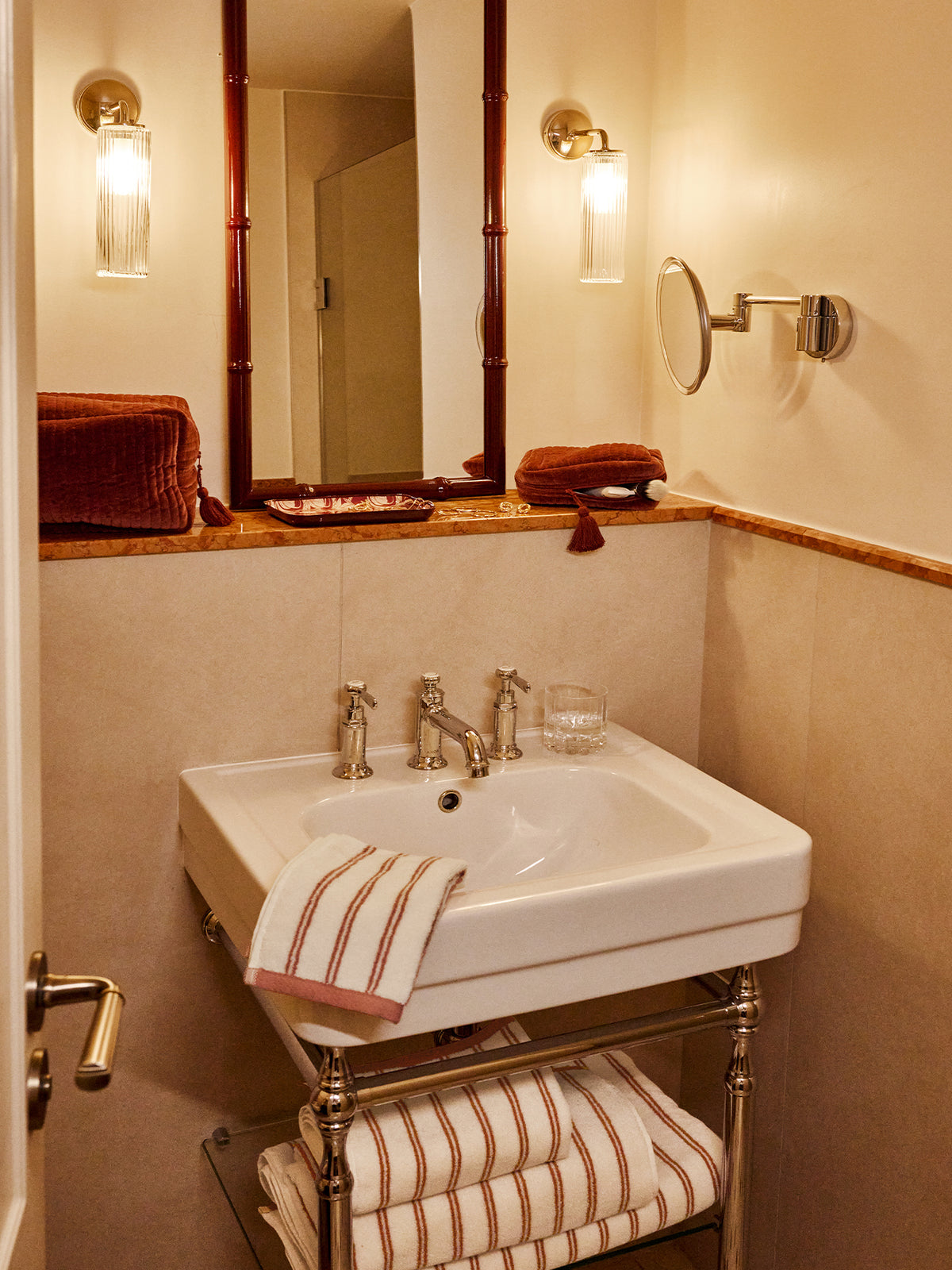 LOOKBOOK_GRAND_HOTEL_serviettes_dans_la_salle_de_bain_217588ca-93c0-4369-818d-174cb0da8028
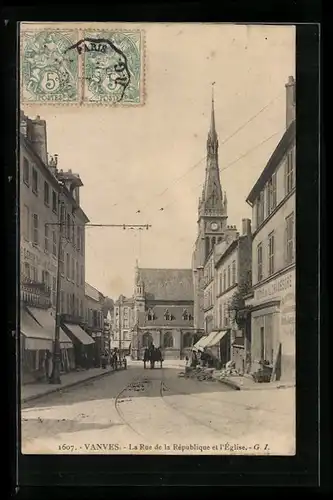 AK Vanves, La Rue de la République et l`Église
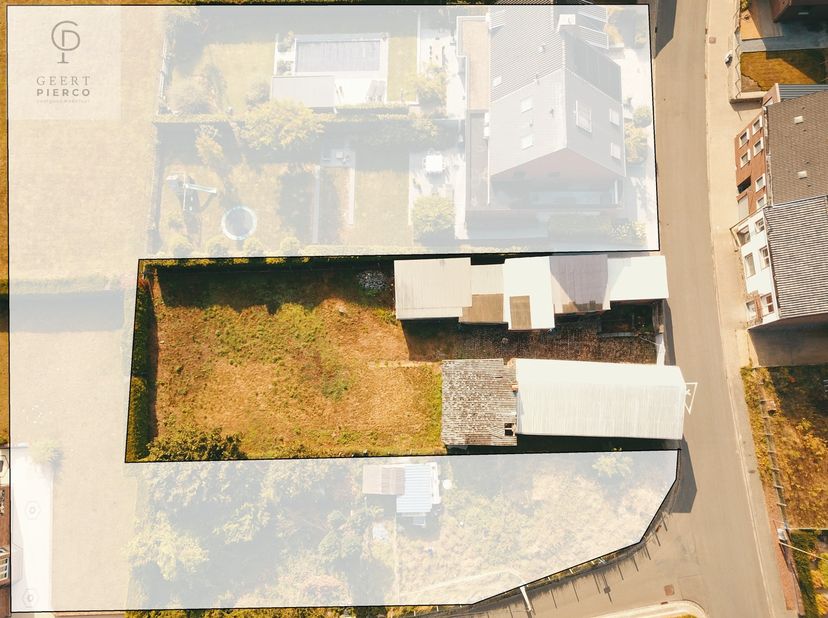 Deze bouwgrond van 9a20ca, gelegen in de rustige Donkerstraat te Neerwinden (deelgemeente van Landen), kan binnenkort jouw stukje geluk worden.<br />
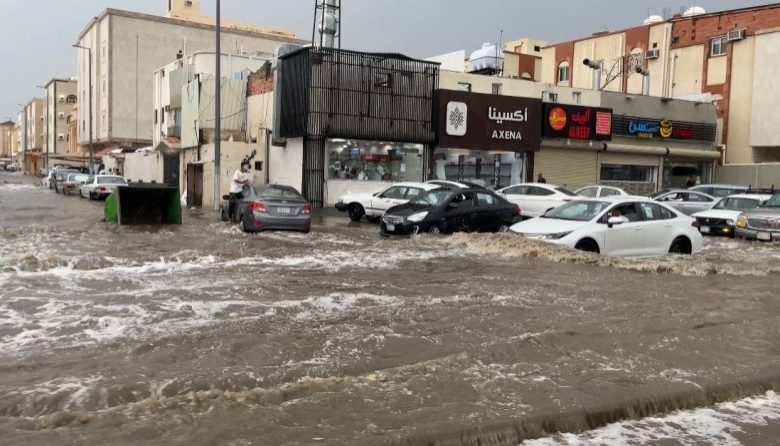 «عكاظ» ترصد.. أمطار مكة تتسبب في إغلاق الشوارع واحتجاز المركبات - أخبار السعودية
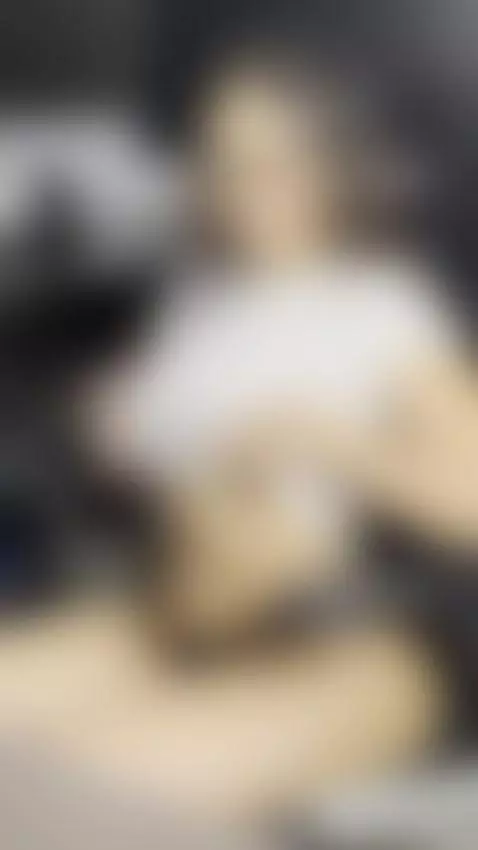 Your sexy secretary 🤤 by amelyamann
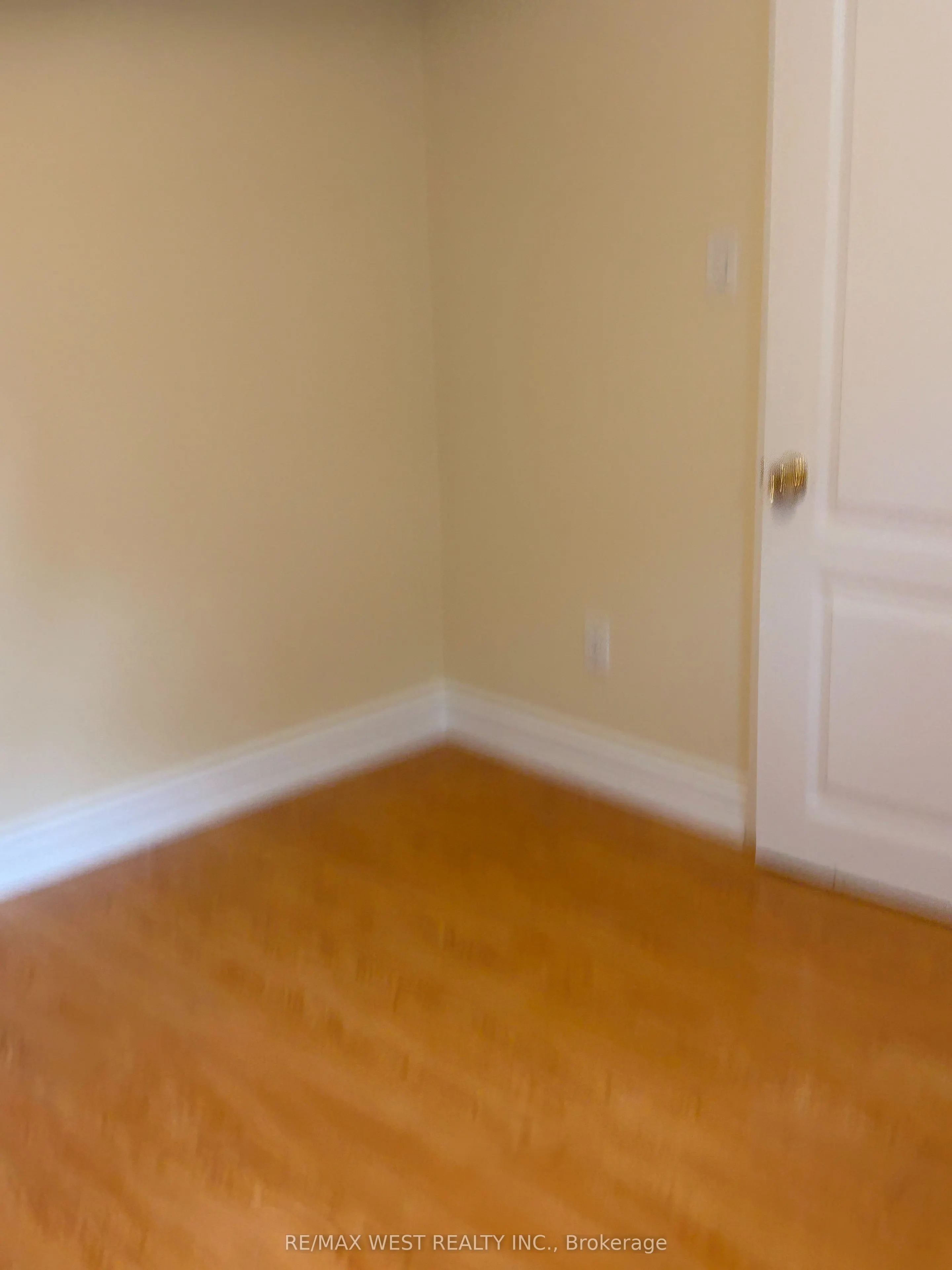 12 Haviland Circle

...

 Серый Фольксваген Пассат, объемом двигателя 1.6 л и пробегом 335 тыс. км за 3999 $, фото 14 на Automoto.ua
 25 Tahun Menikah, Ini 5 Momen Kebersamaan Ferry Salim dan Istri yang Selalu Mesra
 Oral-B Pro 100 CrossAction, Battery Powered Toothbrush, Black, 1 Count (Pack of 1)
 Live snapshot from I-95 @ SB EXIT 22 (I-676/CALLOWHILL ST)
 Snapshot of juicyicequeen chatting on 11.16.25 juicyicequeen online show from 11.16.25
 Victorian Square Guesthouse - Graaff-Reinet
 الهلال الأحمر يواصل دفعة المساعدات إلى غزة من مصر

Problem to solve - From the line with "Your sexy secretary 🤤 by amelyamann" up to and including the line with "12 Haviland Circle" above, retype every line exactly and nothing more; leave out the pictures.

Response to the task -
 Your sexy secretary 🤤 by amelyamann
 12 Haviland Circle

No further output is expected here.